Repeat the data that follows, word for word, without the images.

(Records)

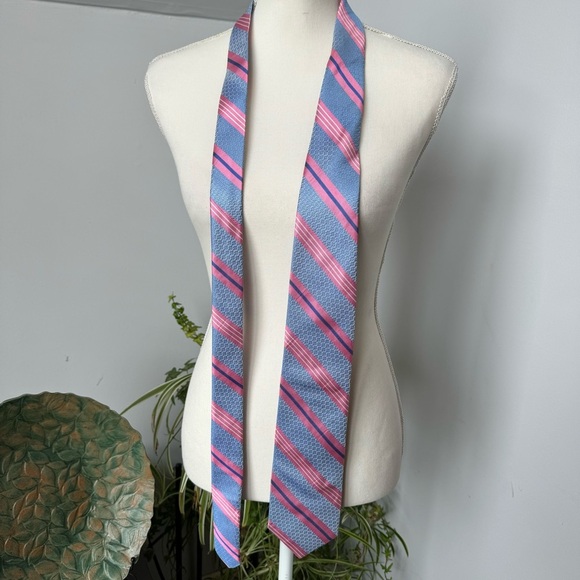 Holland & Sherry Tall Man Necktie Silk USA Made Pink Blue White Striped‎ - Picture 6 of 6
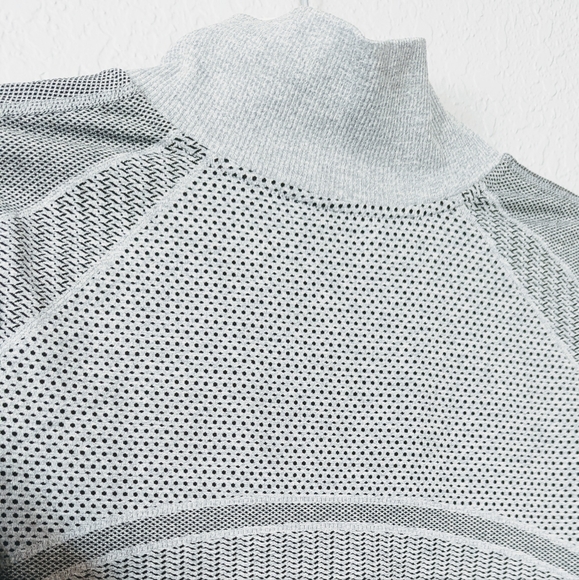 Lorna Jane Seamless Jacket - Picture 3 of 8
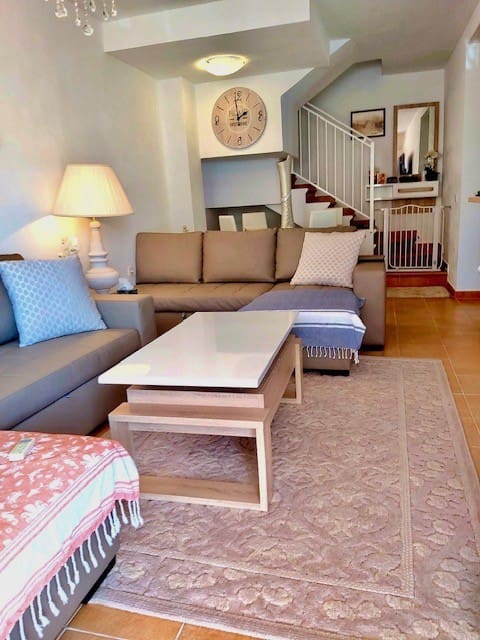 3 slaapkamer Villa te koop in Villamartin met zwembad - € 175.000 (Ref: 9488456)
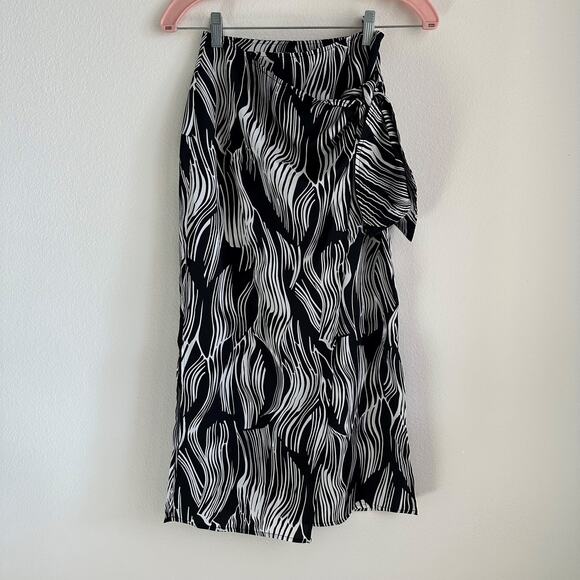 Black white abstract wavy print wrap tie midi skirt XS - Picture 2 of 5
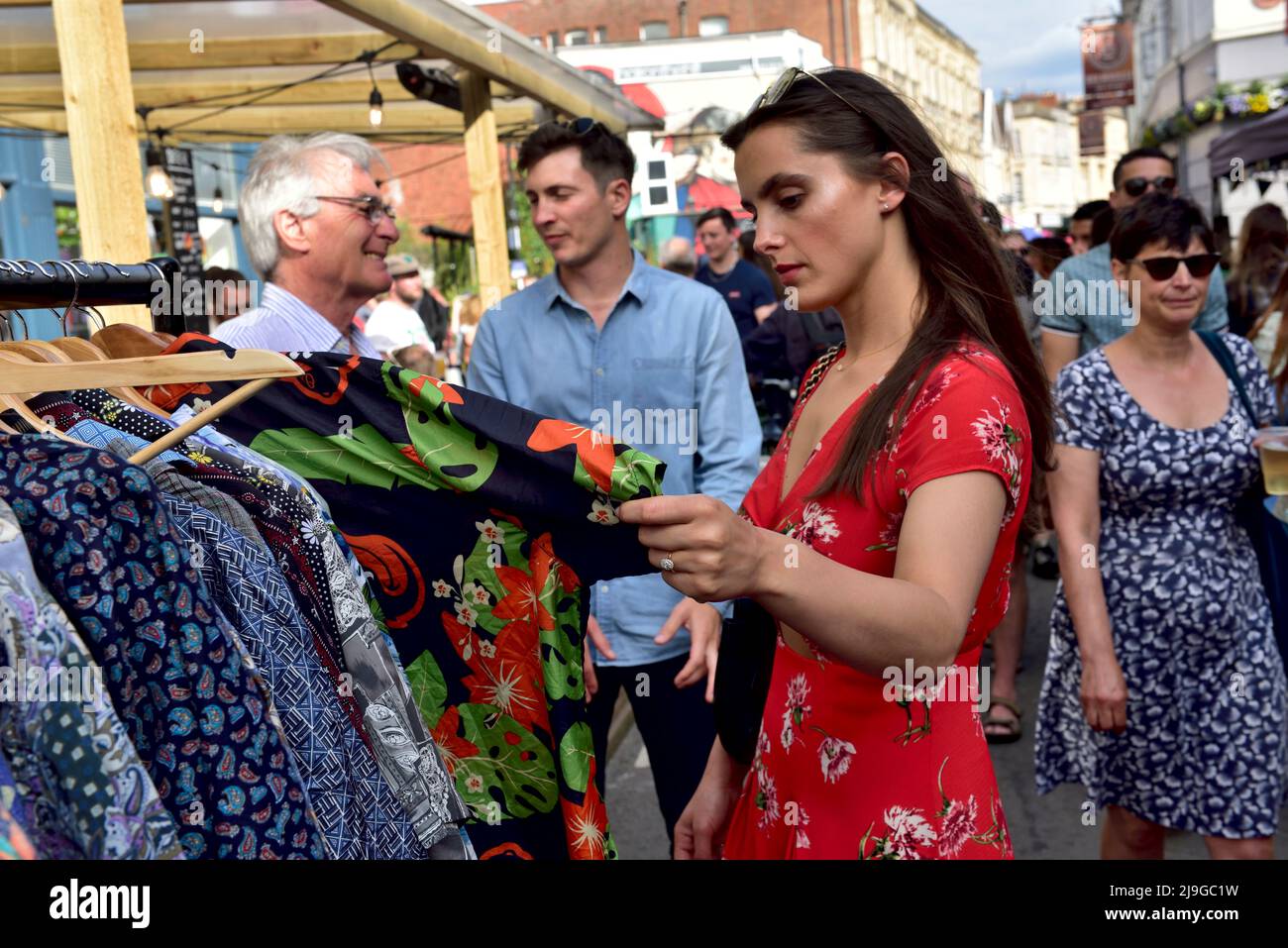 Im Jahr 2022 finden in Bristol's Cotham Hill beliebte Straßenpartys statt, in denen Geschäfte wie Kleidung angeboten werden und die Leute sich nach dem Cov amüsieren Stockfoto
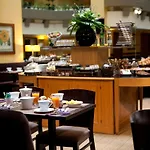 Paris Hotel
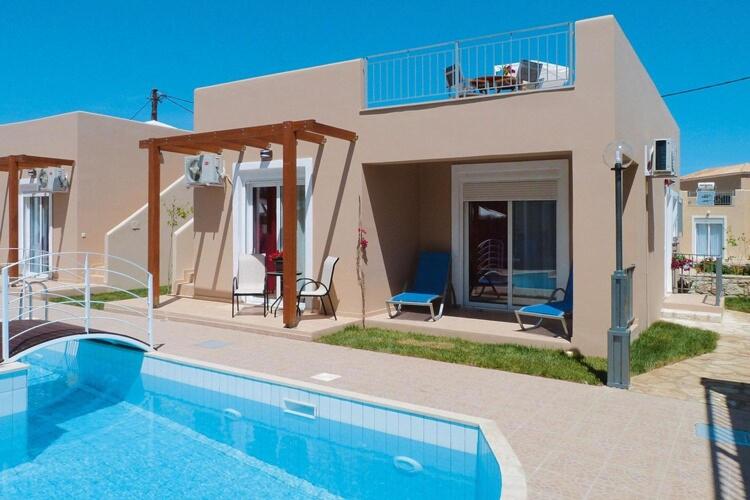 Bazén v ubytování Villa in Nopigia with shared pool nebo v jeho okolí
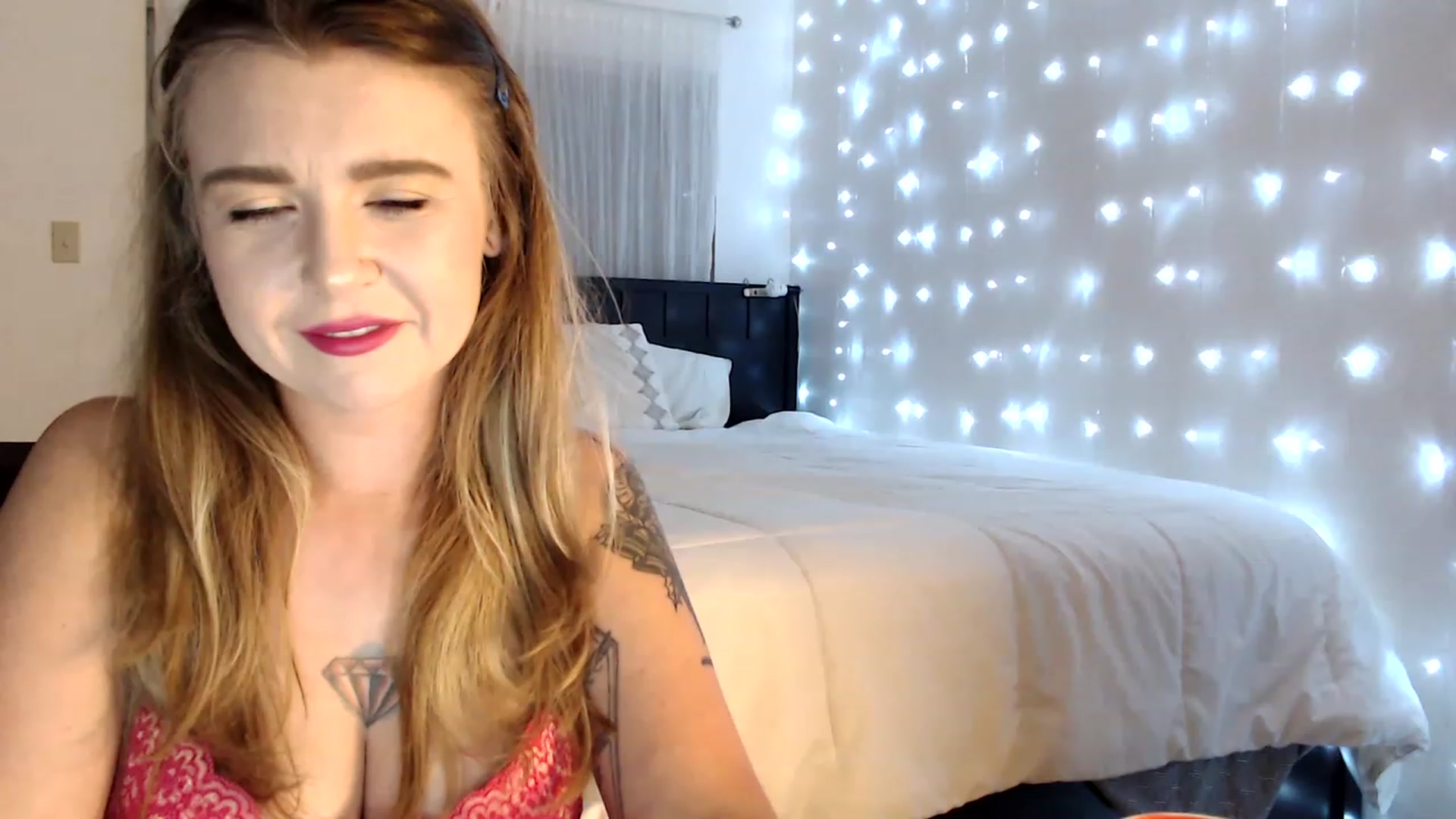 Gallery image thumbnail from Teegra_'s myfreecams stream on, 05/25/2023, 06:33 image 8 of 20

(End Records)

The answer |
 Holland & Sherry Tall Man Necktie Silk USA Made Pink Blue White Striped‎ - Picture 6 of 6
 Lorna Jane Seamless Jacket - Picture 3 of 8
 3 slaapkamer Villa te koop in Villamartin met zwembad - € 175.000 (Ref: 9488456)
 Black white abstract wavy print wrap tie midi skirt XS - Picture 2 of 5
 Im Jahr 2022 finden in Bristol's Cotham Hill beliebte Straßenpartys statt, in denen Geschäfte wie Kleidung angeboten werden und die Leute sich nach dem Cov amüsieren Stockfoto
 Paris Hotel
 Bazén v ubytování Villa in Nopigia with shared pool nebo v jeho okolí
 Gallery image thumbnail from Teegra_'s myfreecams stream on, 05/25/2023, 06:33 image 8 of 20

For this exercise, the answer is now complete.